The former chief legal counsel for Guantanamo Bay’s detention camps leads the US agency the Irish Department of Defence has hired to advise Ireland on expanding the state’s military.
Ian Wexler was the top legal executive for the US’s detention camps when UN human rights experts demanded their closure, saying they’re defined by "arbitrary detention without trial, outside of the rule of law”. His LinkedIn says he was “charged with conducting safe, humane, and legal detention operations” at the US naval base on Cuban land.
He now leads the Institute for Security Governance (ISG), which the Irish Department of Defence has commissioned to advise on reorganising the Irish Air Corps, army and navy, as reported by the Journal. ISG has a history of supporting countries looking to join Nato.
ISG has worked with Nato through the Pentagon's Warsaw initiative fund to restructure foreign militaries and uses what it calls "American values and approaches".
‘Working to align foreign military institutions with US defence structures’
The Institute for Security Governance is part of the US Department of Defense’s Defense Security Cooperation University and its headquarters are in Monterey, California.
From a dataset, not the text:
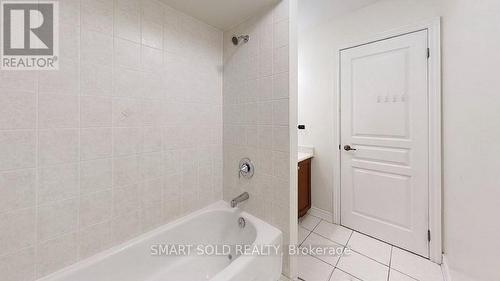 4123 Shipp Drive, Mississauga, ON - Indoor Photo Showing Bathroom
Its director Ian Wexler was chief legal counsel for the US’s Guantanamo Bay camps from 2015 to 2016. After positions with the US military he moved into roles focused on reshaping foreign militaries.
During Wexler's tenure in Guantanamo, UN special rapporteurs called for accountability "at the highest level of authority" for detention practices at the facility. The UN experts said Guantanamo detainees were "forgotten ones" held in violation of their human rights.
“The United States must clean up its own house – impunity only generates more abuses as states do not feel compelled to stop engaging in illegal practices,” the experts said. A 2023 Amnesty International report called the facility "an indelible stain" on US history, designed specifically to evade the rule of law.
Fionnuala Ní Aoláin, a UN human rights investigator who visited Guantanamo that year, found detainees still suffering "profound “and “ongoing" harm. She described "systematic practices of rendition, torture and arbitrary detention" with many prisoners never charged with a crime.
Along with being responsible for conducting “humane and legal detention operations” at the camps, Wexler supported “legal and administrative proceedings in Guantanamo”, according to his LinkedIn profile.
Before his time as legal head at the US torture facility, Wexler directed the law and order task force in Baghdad during the US occupation of Iraq. He also served as executive officer of the military liaison office at Iraq's Central Criminal Court during the war.
He retired as a captain in the US Navy's judge advocate general's corps after 25 years.
Wexler later worked with foreign militaries.
He led the Defense Institute of International Legal Studies, also under the US Department of Defense, for four years before taking charge of ISG in September 2023.
ISG says it has conducted more than 2,600 “advising activities” across 80-plus countries since 2018, working to align foreign military institutions with US defence structures.
Yesterday the Department of Defence said that it has established a new office of strategic force design to work with the Pentagon consultants. The department described ISG as "the most suitable and appropriate" choice for reorganising Ireland's military.
The Department of Defence and the Institute for Security Governance have been contacted for comment.